Central and Unique Platform teams
Multiple Teams to Rescue
Single Platform / Devops team could easily be a bottleneck, who can we fix that? Multiple teams are the answer. If you have multiple teams, there are several advantages such as:
* Reduce Communications Blast Radius (Team Topologies) you partition your communications.
* Purpose Built Solutions and better services via specialized teams
* More parallelism but with a hidden orchestration cost
* Easier to experiment and move fast
Comunication is complicated with the Single Centralized DevOps/Platform team since all tickets literally go to the same queue. When you have limited resources and a huge queue you end up doing the following:
* Standardize in general solutions (i.g EC2 for all the things).

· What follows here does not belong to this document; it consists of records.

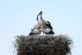 На Дніпропетровщині лелеки почали «заселяти» свої гнізда (Фото)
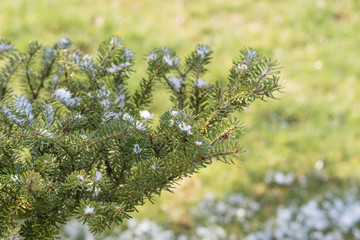 Branches of conifer tree in spring covered with snow, sunny morning vibrant green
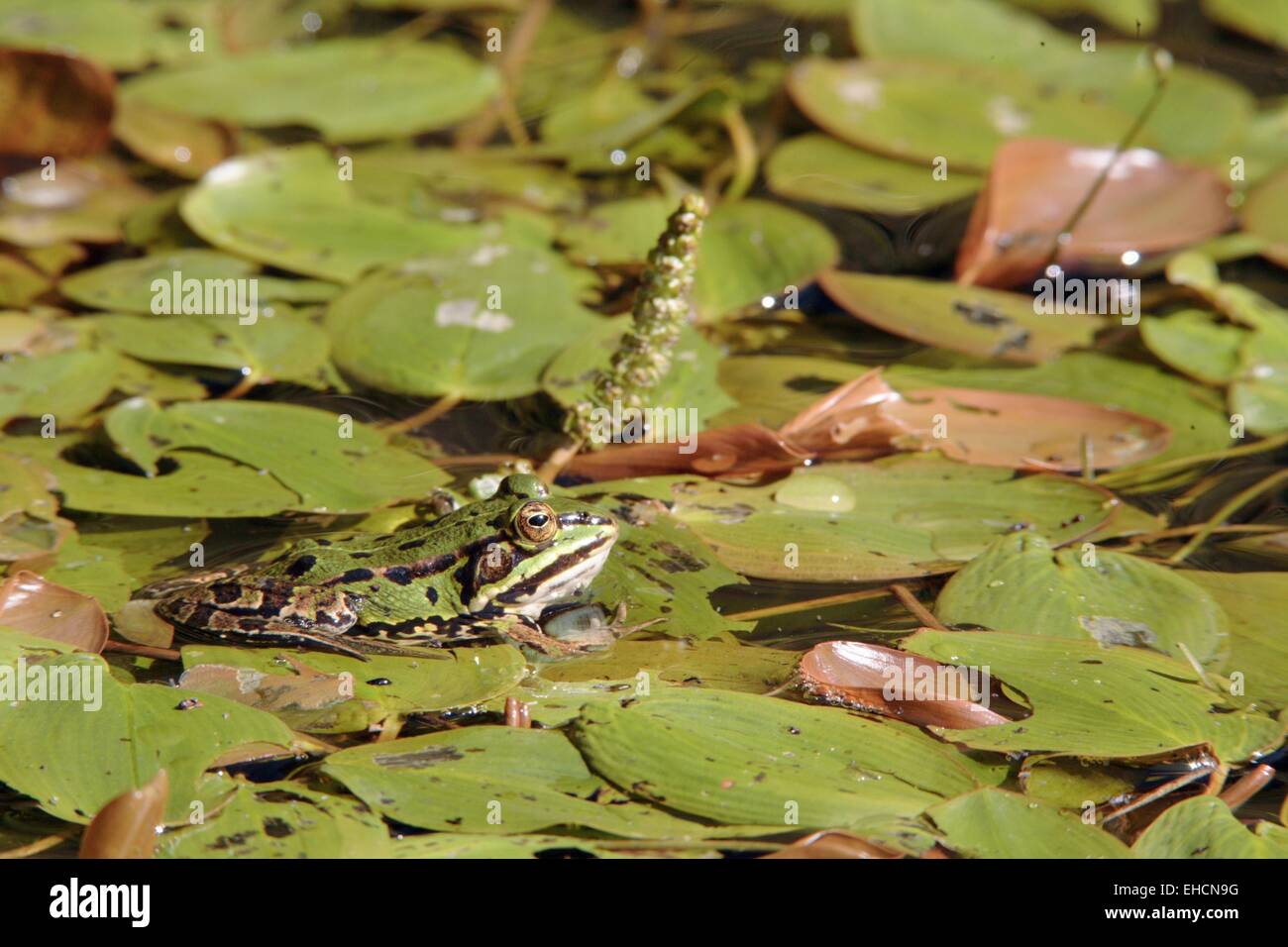 Edible Frog, Common Water Frog Stock Photo Alamy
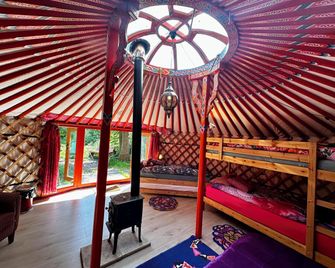 Eco-Camping De Helleborus, Yurt, Bell & Safari tent, Pipo, Caravans, Dorms and Units - Groningen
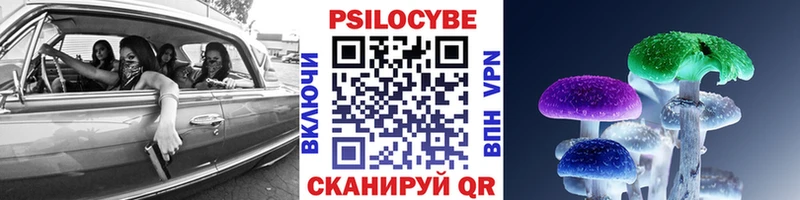 продажа наркотиков Коряжма Псилоцибиновые грибы Psilocybe
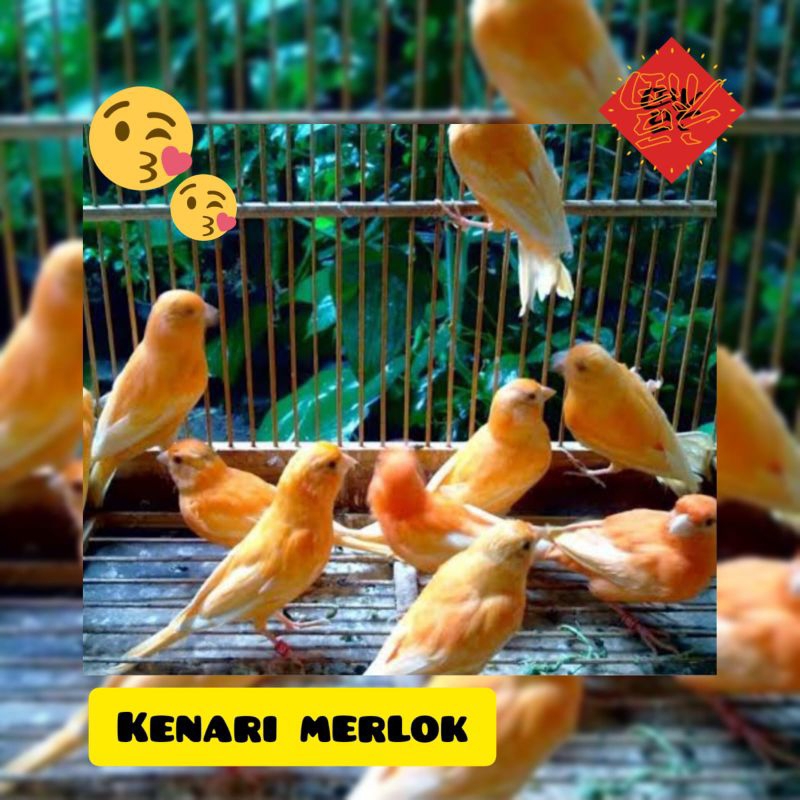 Burung kenari merlok / merah lokal baby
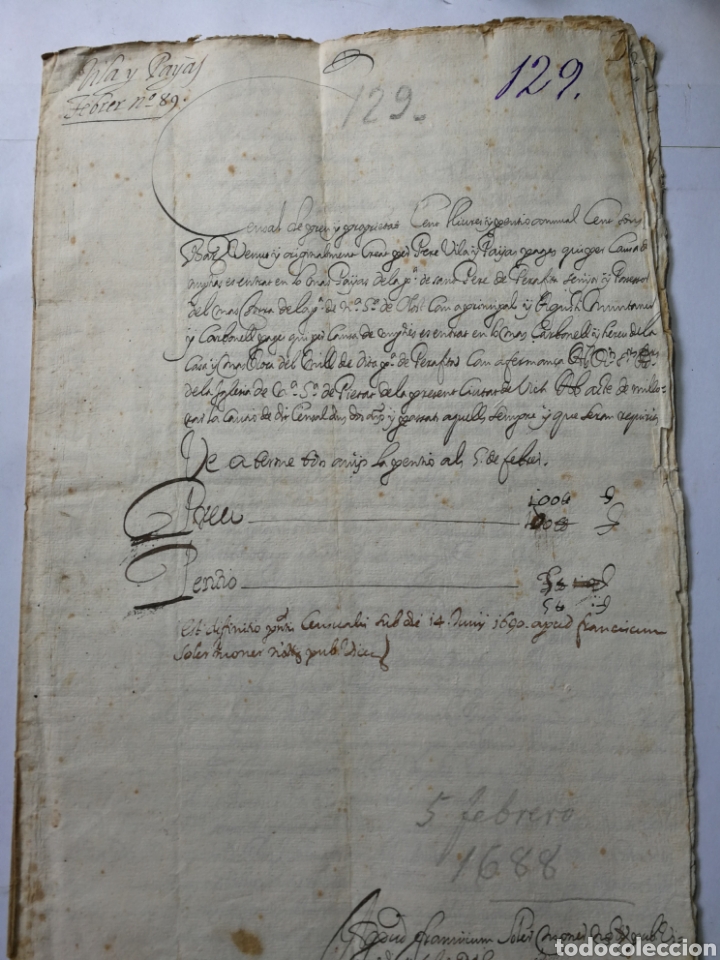 Manoscritti antichi: documento escrito a mano , manuscrito 1688. documento censal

* You say NO a lot since you dont have the skills neither the time to handle the demand.
* You might be blocking Innovation and being a bottleneck for other teams.
Purpose Built solutions can be archived but simply having more teams, which will allow you to rapidly experiment with new use cases and debottleneck your system. Purpose-built solutions can be better handle by different and smaller platform teams since you will partition your backlog and also could rely on contractors and have a bigger pool temporarily.
More Parallelism: As you have more teams, you are capable to execute more projects at the same time. However, this creates a prioritization / Orchestration issue. Since what teams you should have? What happens if one team depends on another team? The solution could lie in other principles such as:
* Self-Service Model: IF you have services(UIs, Jenkins Jobs, Inner Sourcing model) where anyone can open PRs or use a Jenkins job to create what they need this debottleneck lots of the operations and reduce tickets(manual work).
* Isolation and Autonomy: Another thing you can do is to allow teams to perform their own decisions on the fashion of You Build it You Run it (Amazon/Netflix philosophy). Meaning you dont depend on other teams because you take care of all aspects of the solution given a particular domain problem.
Experimentation it's a nice outcome of all this approach. Most companies don't understand the cloud and don't realize cloud == software and we have a huge engineering pool. The issue is Engineers and sometimes even Engineering managers are sensible with their roadmaps and deadlines and end up being afraid of taking the step forward but it's not as hard as it looks like. Experimentation means different things such as:
* Experiment embracing the DevOps Model and have engineers coding on Terraform.
* Experiment with new delivery models such as More teams, Self-Service, and Isolation.
* Experiment with new technologies, new components and make things move faster.
Experimentation has limits
You can experiment and easily introduce solutions to new Services or new applications. However often the heavy lifting is tackling technical debt and migration of old applications. The inertia in old systems at scale is a hard problem to fix. Experimentation would not save you from that Unless you find ways to have backward compatible APIs/data solutions.
Unfortunately, not all solutions should be Backward Compatible since you could be Backward Compatible with Technical Debts and Design Limitations. Sometimes what you need a big breaking change. The hard part is, depending on how big your solutions are, you might not be able to apply that logic for all your software so prioritization will be needed.
Engineering it's hard and it will always be hard since you have new systems, old systems, technology changes, people coming and going, deadlines, security, and many many other challenges. Team Structure and layout are critical for better or worse evolution.
Cheers,
Diego Pacheco